[[ Provided data open ]]

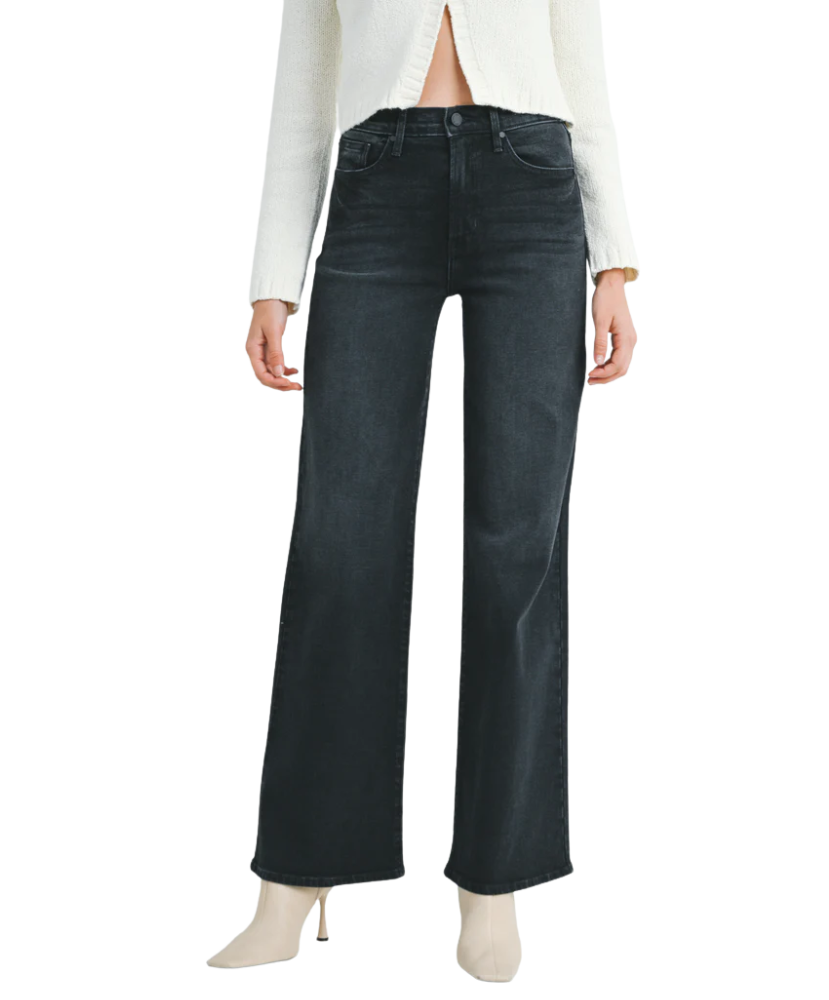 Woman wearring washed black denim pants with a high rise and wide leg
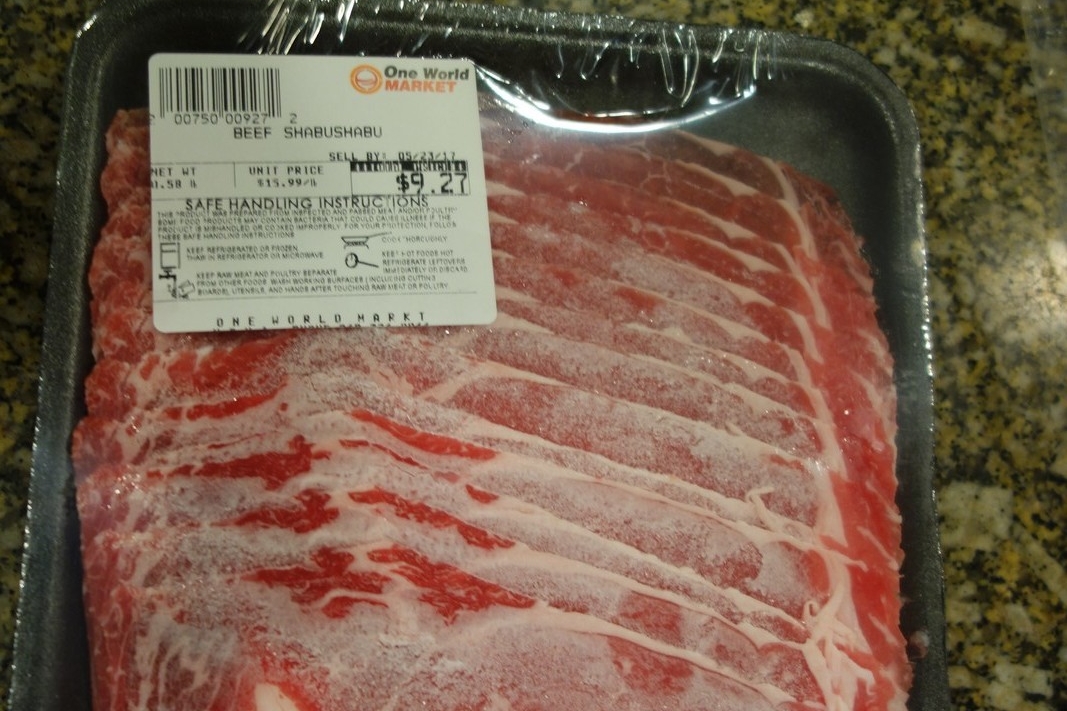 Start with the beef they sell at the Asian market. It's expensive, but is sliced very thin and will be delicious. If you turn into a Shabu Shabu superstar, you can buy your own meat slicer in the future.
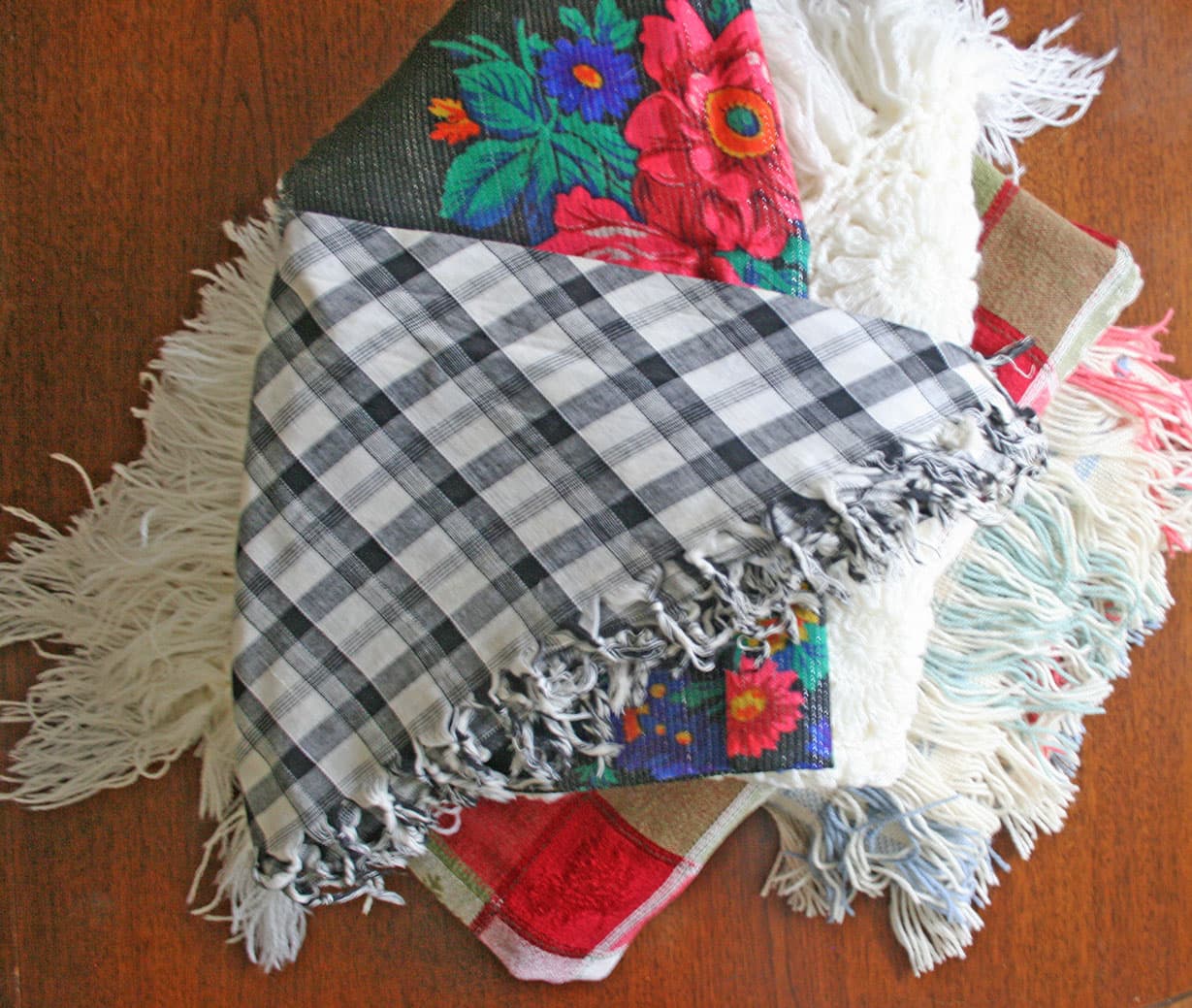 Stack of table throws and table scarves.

[[ Provided data closed ]]

Before you finish, make sure every line above has been repeated exactly and no picture remains in the copy.

 Woman wearring washed black denim pants with a high rise and wide leg
 Start with the beef they sell at the Asian market. It's expensive, but is sliced very thin and will be delicious. If you turn into a Shabu Shabu superstar, you can buy your own meat slicer in the future.
 Stack of table throws and table scarves.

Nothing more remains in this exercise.